An Informative But Very Spotty History of Medieval Europe
Written: Nov 30 '08
Product Rating:
Pros: Informative on northern Europe and Italy
Cons: Poor coverage of other areas, e.g. England and Islam
The Bottom Line: This book is thorough on what it discusses but its lack of coverage on other subjects such as Britain relegates it to the second rank.
buffoonery's Full Review: The Oxford History of Medieval Europe
The Middle Ages remains a subject of which an unfortunately large segment of the population is woefully ignorant. Judging from the education (a term used generously) my sons received in high school of the period, the terms they are most likely to remember are “Dark Ages”, “hypocritical popes”, and “miserable imperialistic Catholic crusading bastards.”
I would like to think that The Oxford History of Medieval Europe will put those calumnies to rest. At least, most of them.
This book is a paperbook edition of the well-known (amongst readers of the subject, anyway) Oxford Illustrated History of Medieval Europe, the key differences being that this book is in paperback and has fewer illustrations. Otherwise, you’re getting the same package. The chronology runs from 400-900 A.D., encompassing the collapse of the Roman Empire in the West to the flowering of the Renaissance in Italy. Edited by Oxford historian George Holmes, it contains an introduction and close written by him and six chapters written by various scholars on the following topics:
1) The Transformation of the Mediterranean, 400-900
2) The Northern World in the Dark Ages (there’s that calumny again), 400-900
3) The Society of Northern Europe in the High Middle Ages, 900-1200
4) Northern Europe Invades the Mediterranean, 900-1200
5) The Mediterranean in the Age of the Renaissance, 1200-1500
6) The Civilization of Courts and Cities in the North, 1200-1500
While this appears to be a decent survey of the subject, the book is better on some subjects than others.

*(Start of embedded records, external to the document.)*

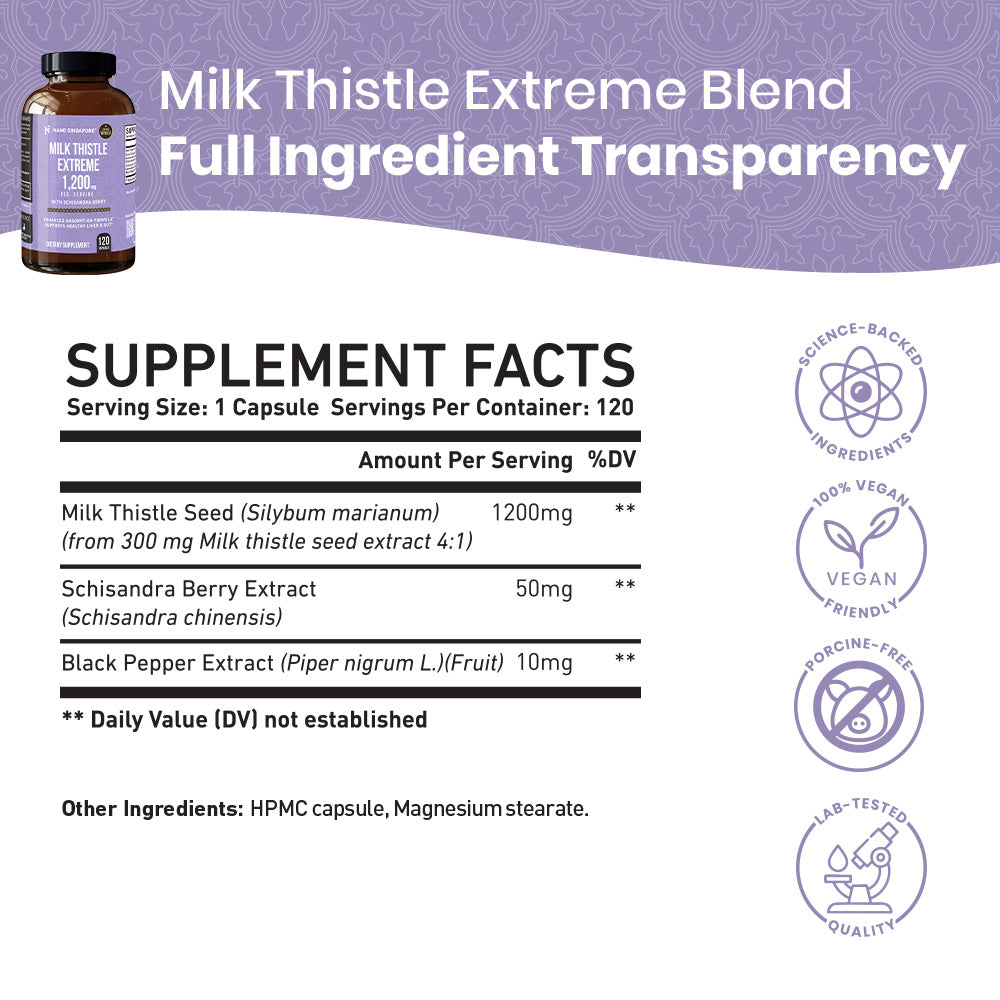 Milk Thistle Extreme - 120ct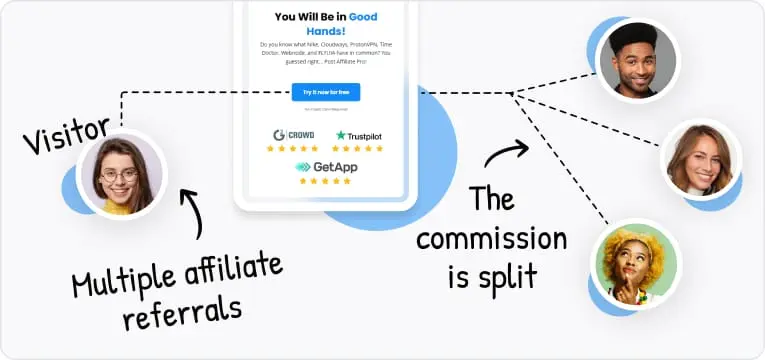 Several affiliates refer a sale
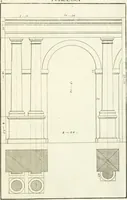 An illustration from Verhandeling over de bouwkunde : met de noodige aanmerkingen en waarneemingen (1781)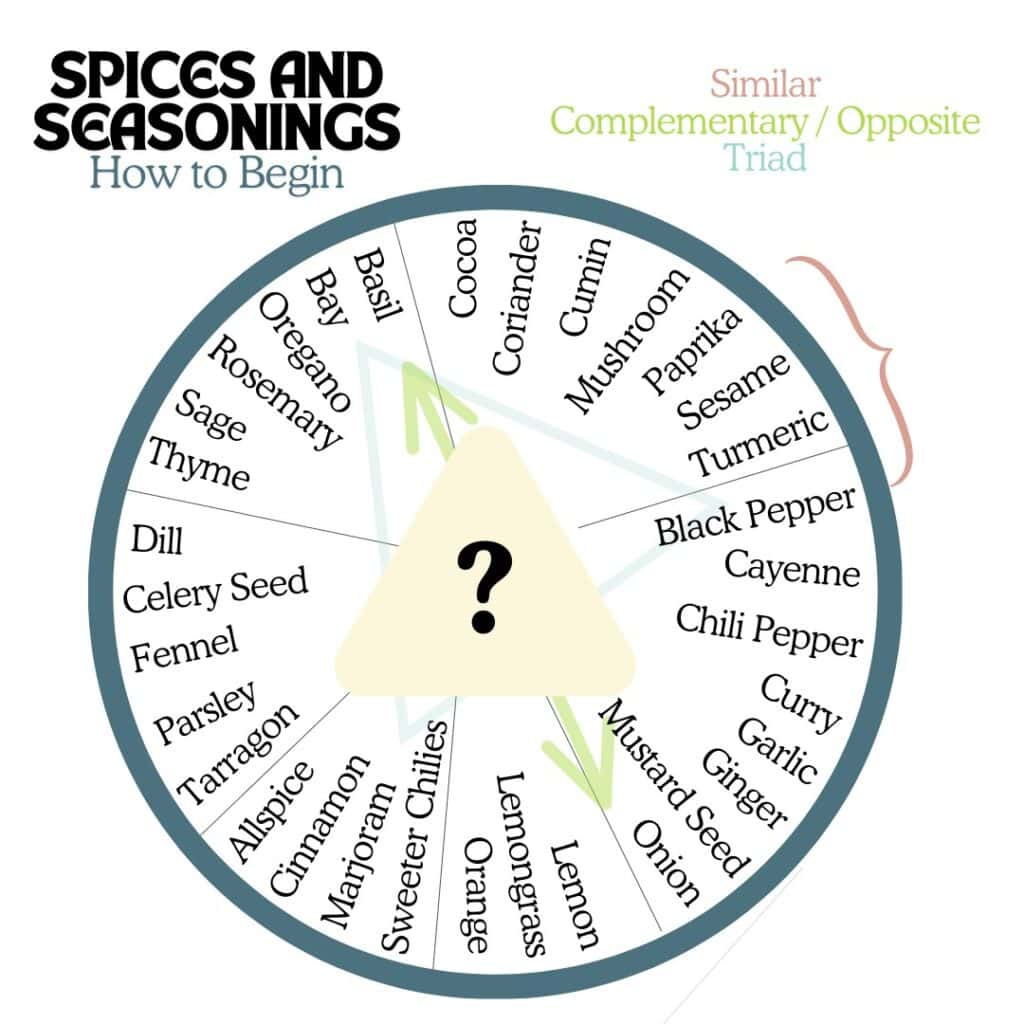 Spice Wheel Sample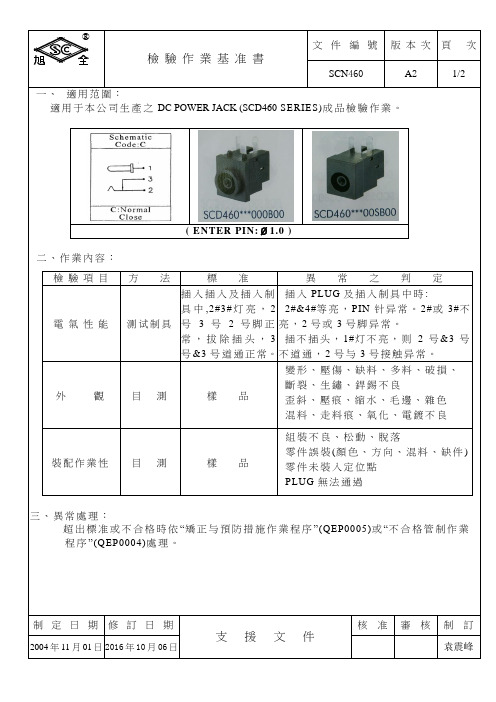连接器端子,检验作业指导书(SOP)
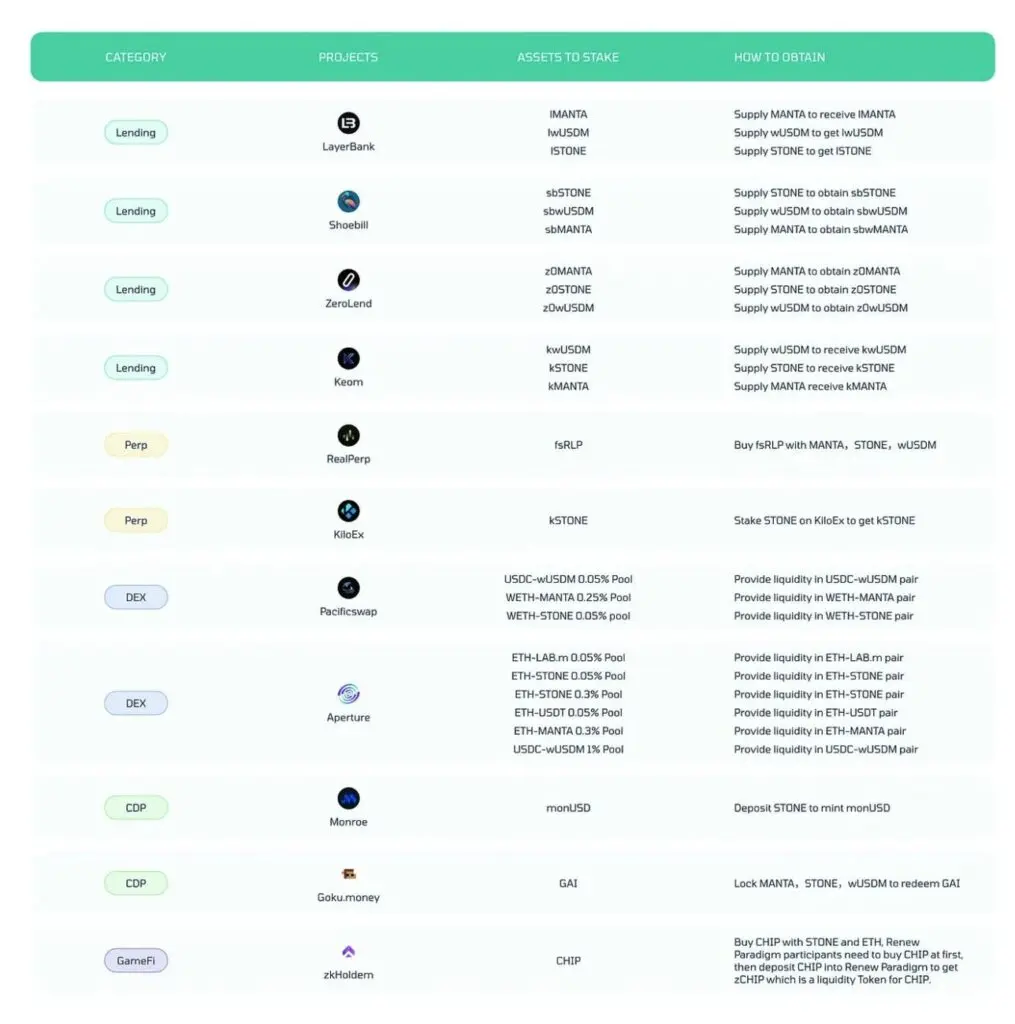 Manta Renew Paradigm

It is very good on early matters such as the collapse of the Roman West and formation of the northern barbarian kingdoms. The significance and unifying effects of the Papacy are well explored as are the arts and culture of the High Middle Ages, such as the growth of the great universities. Commerce is also given much attention as, naturally, the great dynastic kingdoms and their magnates, running from the Merovingians to Charlemagne to the French kings and German emperors.
Hence, this book’s virtue is to provide the reader with a broad overview of European history over the course of a millennium that saw it fall into fragmentation but to slowly emerge into a society that we, from our 21st century perspective, could begin to recognize as modern. It was this society that would close the period with the discovery of the New World yet soon, almost in parallel, fall into religious fragmentation and acrimony with the coming of the Reformation.
Yet the book is curiously and seriously deficient on other subjects. Medieval England is given little attention and, indeed, William the Conqueror is barely mentioned. The War of the Roses and rise of the Tudors are barely mentioned. The influence and effects of Islam are vastly underexamined. And if one wishes to learn much about the kingdoms and history of Poland and the Balkans, one needs to look elsewhere.
In sum, then, we have a reasonably competent history of what would become France, Germany and Italy as they existed from 400-1500. And in that regard, the book is informative and enlightening. After Rome’s fall, one would expect a painful interregnum and we see that in Europe, especially in the northern, during the early period. But the book shows that, by the High Middle Ages, Europe reached a level of artistic and commercial significance that was high indeed. On the other hand, the book has serious omissions. A more thorough and wide-ranging study may be found in Norman Cantor’s excellent Norman Cantor The Civilization of the Middle Ages, which I very strongly recommend.
This book, however, gets three stars for its lack of coverage.